According to sources from the investment banking (IB) industry on Sunday, Hahn & Co. Cement Holdings Co., a special purpose company of Hahn & Co., and SsangYong C&E will launch a tender offer for the cement maker’s 100,254,756 shares at 7,000 won ($5.23) per share.

The shares account for about 20.1 percent of the outstanding shares, amounting to 701.8 billion won. The tender offer will be held from February 5 to March 6 and led by NH Investment & Securities Co.

Hahn & Co. acquired a 46.14 percent stake in SsangYong C&E for 883.7 billion won through its No. 1 blind fund in 2016.

The PEF invested an additional 100 billion won through a rights offering to shareholders and acquired the stake (32.36 percent) of the then-second largest shareholder, Japan’s Taiheiyo Cement Corp, for 454.8 billion won.

Through these investments totaling 1.44 trillion won, Hahn & Co. secured a 77.68 percent stake in the cement maker.

Hahn & Co., currently the largest shareholder, is expected to acquire all remaining shares of SsangYong C&E through a tender offer and then proceed with its delisting.

After becoming the largest shareholder of the cement maker, Hahn & Co. shifted its strategy to long-term holding and reacquired it in July 2022 through a continuation fund, a new fund that reinvests in previously held assets, of about $1.5 billion.

It also recapitalized its Ssangyong C&E management rights investment fund in 2023.

Ssangyong C&E, meanwhile, posted record annual sales of 1.97 trillion won in 2022 after being acquired by Hahn & Co.

Boosted by cement price increases, the cement maker posted sales of 1.04 trillion won in the first half of 2023, up by 184.5 billion won from the same period a year earlier.

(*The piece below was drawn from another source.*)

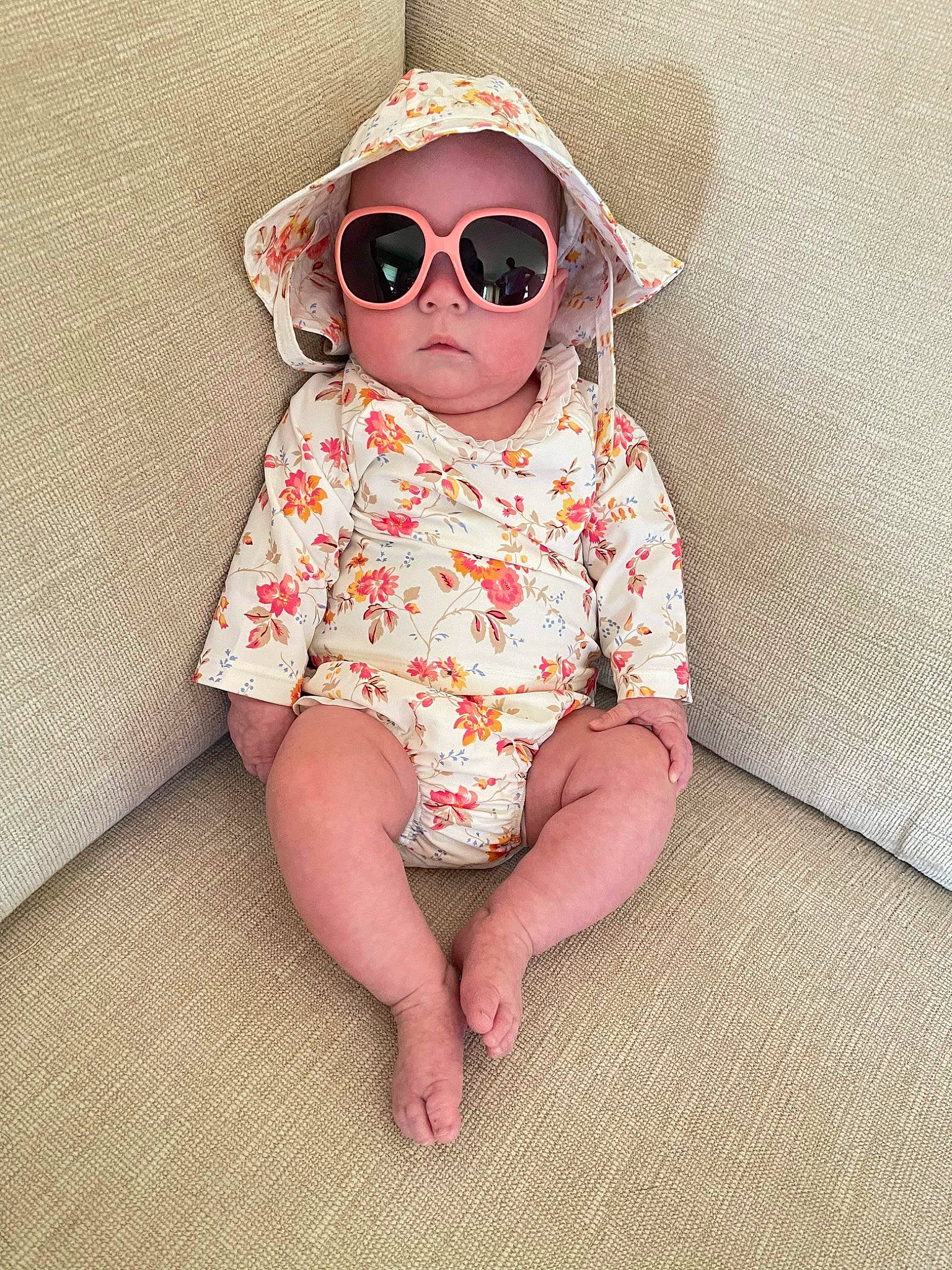 Gabriela is registered to the contest to win money with this photo: baby, baby_toddler_clothing, chin, collar, comfort, eyewear, face, glasses, goggles, hand, happy, head, lip, pattern, person, skin, sleeve, sunglasses, textile, toddler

But its operating profit fell by about 4.9 billion won year-on-year to 47.5 billion won due to a rise in electricity rates.

Ssangyong C&E also secured a large amount of cash by disposing of subsidiary stocks and real estate in 2023. It sold a 77 percent stake in SsangYong Remicon Co. and its existing real estate to Jangwon Remicon Corp. for about 380 billion won.

It also conducted a buyback of its own shares worth about 8 billion won for the first time since its inception to enhance shareholder value.

This is not the first time Hahn & Co. has made a tender offer to acquire the entire stake of an acquired company and then proceed with its delisting.

Previously, Hahn & Co. acquired a controlling stake in medical device maker Lutronic Corp. from its founder and Chairman Hwang Hae-lyung and then conducted two tender offers to secure 100 percent of the company.

The PEF then delisted Lutronic from the Kosdaq market In October 2023 and recovered 145 billion won through a paid-in capital reduction.

“Additional tender offers and delisting of acquired companies have the advantage of protecting the rights of minority shareholders and creating a favorable structure for resale by converting to a private company,” an IB industry insider said. “The attempts of PEFs to conduct tender offers and delisting of acquired companies are expected to increase in Korea.”